Desde hoy está disponible en librerías un nuevo Ali Smith –gritito ahogado de fan–, una recopilación de textos en torno al amor por la cultura libresca titulada Biblioteca pública (Nórdica). Fueron escritos en las postrimerías de la crisis financiera y en el contexto de austericidio europeo, en el momento en que el carácter, y sobre todo la financiación pública de las bibliotecas fue puesta en tela de juicio. Si ya lo hemos conseguido con los hospitales y los colegios, ¿por qué no intentarlo con las bibliotecas? Hay un meme marxista que dice que si hoy se inventaran, el capitalismo las prohibiría. Son toda una oda a la subversión. Una orgía comunitaria. Un lugar físico de encuentro y virtual de accesibilidad universal a la cultura. Una idea, por tanto, peligrosa. Que se lo digan a Internet Archive, cuya comunidad ha dejado de tener acceso a 500.000 referencias a consecuencia de la sentencia por infracción de las leyes del copyright (caso Hachette vs. Internet Archive). O a la biblioteca comunitaria Spellow Hub de Liverpool, arrasada por el fuego este verano en una de las noches de violentos disturbios provocados por la ultraderecha. Algunos de los libros cuyo préstamo más renové en la Javier Marías de mi barrio, hoy están prohibidos en las bibliotecas escolares del condado de Collier, Florida, un sitio que debe de parecerse a Moratalaz pero con manglares. En un mundo cada vez más acosado por las políticas neoliberales, las bibliotecas están cada vez más en el centro de la batalla cultural. Material y simbólicamente.

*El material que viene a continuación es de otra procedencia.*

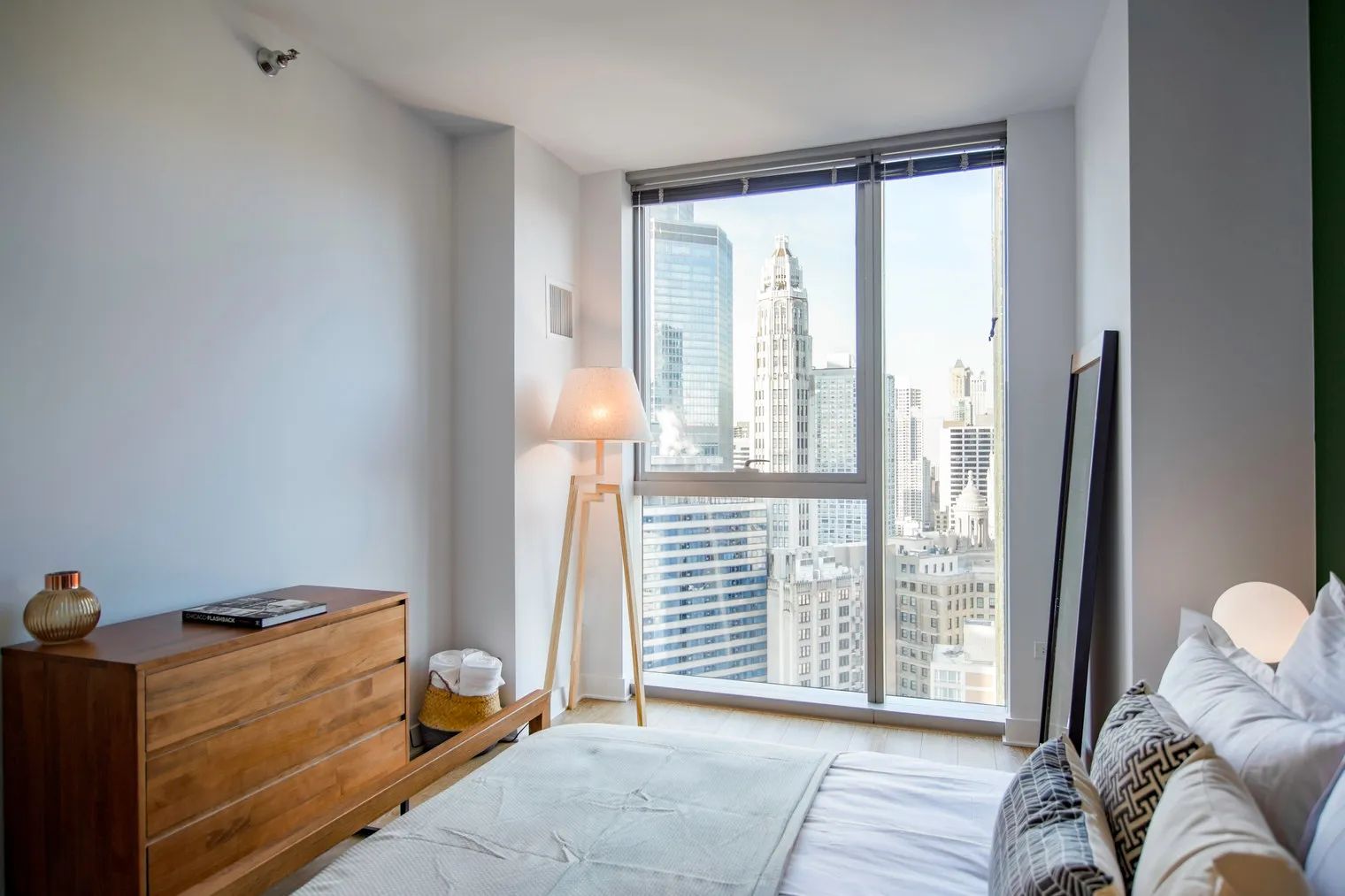 201 N Garland Ct 60601 60601-Mila-unit#ID43-Chicago-IL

Entre los relatos de Biblioteca pública de Ali Smith hay textos de colegas de oficio narrando su historia de amor personal con las bibliotecas. Hay sentencias gloriosas. Desde el ‘Las bibliotecas públicas me convirtieron en lo que soy’ de Helen Oyeyemi, hasta el súper lema de Jackie Kay: ‘Un carné de biblioteca es tu democracia’, los testimonios están llenos de vivencias de infancia, de adolescencia, juventud y de vejez más emancipadas gracias a la existencia y robustez de estos lugares públicos mágicos. Su lectura da ganas inmediatas de volver a estos sitios donde además de coger libros –dejo el verbo pensando en amigas argentinas, y lo dejo con toda la intención–, puedes ir a estudiar, a hacer deberes con tus hijos, a sentarte a pensar, a echar una cabezada, a consultar Internet, a preguntar, a charlar, a escuchar, a aprender, o, simplemente, a que alguien constate que perteneces a algo más grande que la soledad de tu piso. Cuando di a luz a mi primer hijo estaba tan perdida que solo se me ocurría ir a la Pedro Salinas. Cogía prestados libros compulsivamente que por supuesto, no sabía a ciencia cierta si podría siquiera empezar a leer en plazo. Pero solo el acto de sacarlos y devolverlos me hacía visible más allá del centro de salud y del grupo de post parto. Mi desorientación era el combustible perfecto para la brújula social que ofrecen las bibliotecas. Mientras yo daba de mamar a mi cachorro entre dos estanterías forradas de libros, ella me amamantó a mí.